I must ask your Lordships to reject this Amendment. I believe I am right in asking your Lordships to reject it, because I am going to have great powers under this Bill and it is going to be very flexible. If I find that it is not working, I shall not hesitate to say so. I believe I can create that liaison which I want to deal with cases in which speed is required, but I hope to goodness that the magistrates will go on with their very useful work in trying to settle cases day by day out of hand, as they have done for many years, quite often apart from any question of legal aid being granted. Therefore, I am sorry but I must ask your Lordships to reject this Amendment. I do not come to this conclusion lightly or without consideration. As I said, I referred this matter to both the Law Society and the Bar Council, and I think that everything I have said meets with their entire approval. I ask your Lordships not to accept this Amendment, which would have a most serious effect on the whole scheme.

6.5 p.m.


The Lord Chancellor made such an overwhelming philippic against this Bill that I should take a long time if I answered him in detail. I would, however, point out to him first of all, that although the noble Lord, Lord Rushcliffe, has changed his opinion—no doubt with very good reasons—and has announced his change to-day, his Committee did recommend the actual plan which I have been proposing. The other comment that I would make is that, at the end of his speech, the Lord Chancellor made a great deal of the financial considerations at stake. I am quite convinced that only the future can judge between us whether his plan is going to be much more expensive than mine. I am confident that his plan is going to lead to a great deal of unnecessary litigation; that it is going to lead to a great deal of unnecessary appearances in court by lawyers, and that the £2,000,000 to which reference has been made will certainly be exceeded in the future. But, as I say, only the future can judge between us.

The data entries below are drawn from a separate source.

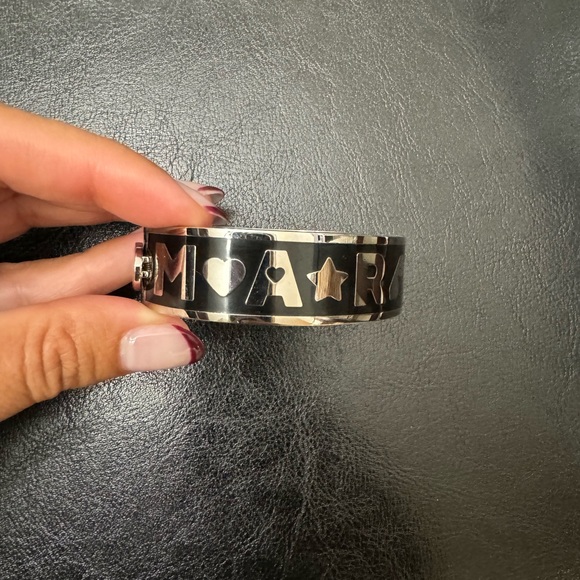 Marc By Marc Jacobs ‘Mini Charms’ Icon Hinged Bracelet - Picture 2 of 5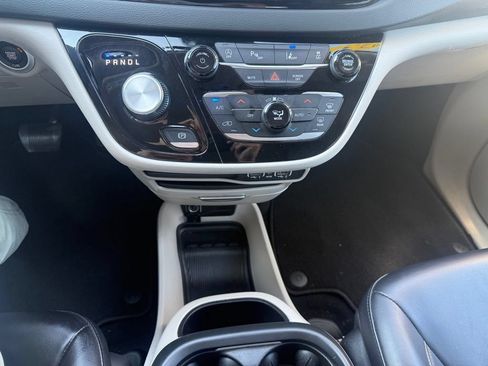 Used 2023 Chrysler Pacifica Touring-L FWD image 34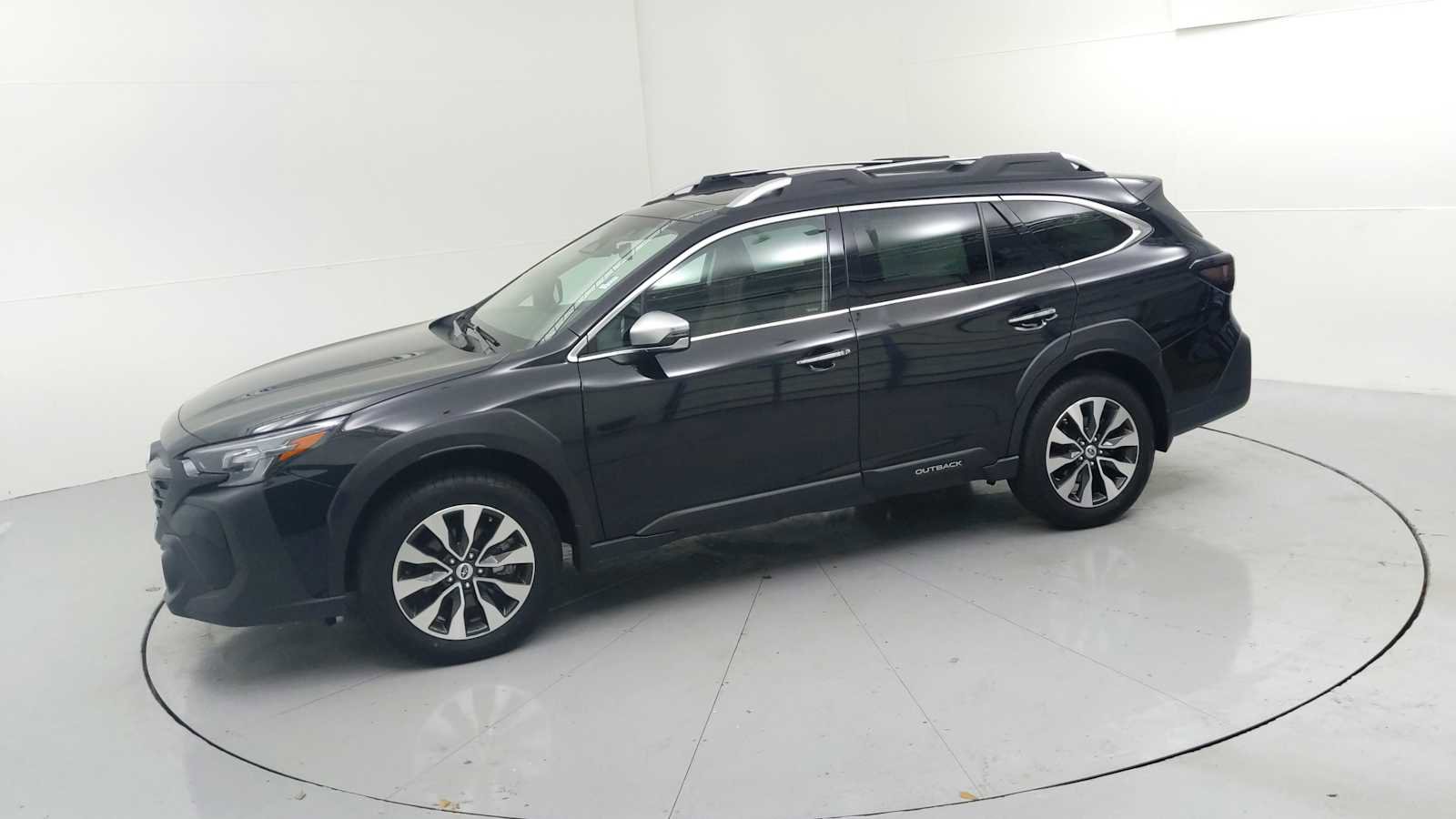 Certified 2023 Subaru Outback Touring XT image 5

Now the Lord Chancellor has damned this Amendment with bell, book and candle. I am not sure whether to ask the House to divide or not. However, before I make a decision, may I ask the Lord Chancellor whether he can help us a little further? Before the Bill actually passes to the Statute Book, can he let us see the instructions which he is going to send to the Law Society and the Bar Council? I do not wish to say anything in disparagement of the Law Society or the Bar Council, but, after all, they are interested parties. The Lord Chancellor has pointed to their view to-day as an unanswerable reason for rejecting my proposal. I would have expected that, having given that opinion once on this subject, they would give it again. Can the Lord Chancellor go a litle further than he has gone today, and say that he will circulate, either in draft rules or whatever may be the best form, the actual instructions that he is going to give to these committees, particularly upon the point of urgency? Also, could he tell us specifically what are the actual instructions to be given to the probation officer? This is a point to which the magistrates attach very great importance. If the Lord Chancellor could give me a satisfactory answer on these points to-day I should be inclined to hold my hand in the matter of a Division—keeping myself free to divide, if necessary, on Report stage.

6.10 p.m.


I will gladly help the noble Viscount if I can. It is not for me to give instructions; it is rather for the Law Society to promulgate a scheme for me to approve. I would rather not give the noble Viscount a definite answer to-day because, obviously, it needs a little care in the wording, but I think I can indicate plainly what the present trend of my mind is, and I will gladly discuss the matter with the Law Society so that it may be made clear; it is the sort of thing which they would put into their scheme. What I anticipate is that each local committee shall contain certain members who are empowered to grant what I call an emergency certificate. The emergency certificate will enable the prospective litigant at once to consult a solicitor. This would be subject to these two matters: first, that the litigant will in due course have to go, like any other litigant, to the assistance board and say that he is all right so far as means are concerned—I cannot excuse him that. That is the first qualification. Secondly, the emergency certificate would in due course be reported by the secretary, chairman, or vice-chairman, to the local committee, who would be able to pass it—though, theoretically, at any rate, if they wanted to they could throw it over.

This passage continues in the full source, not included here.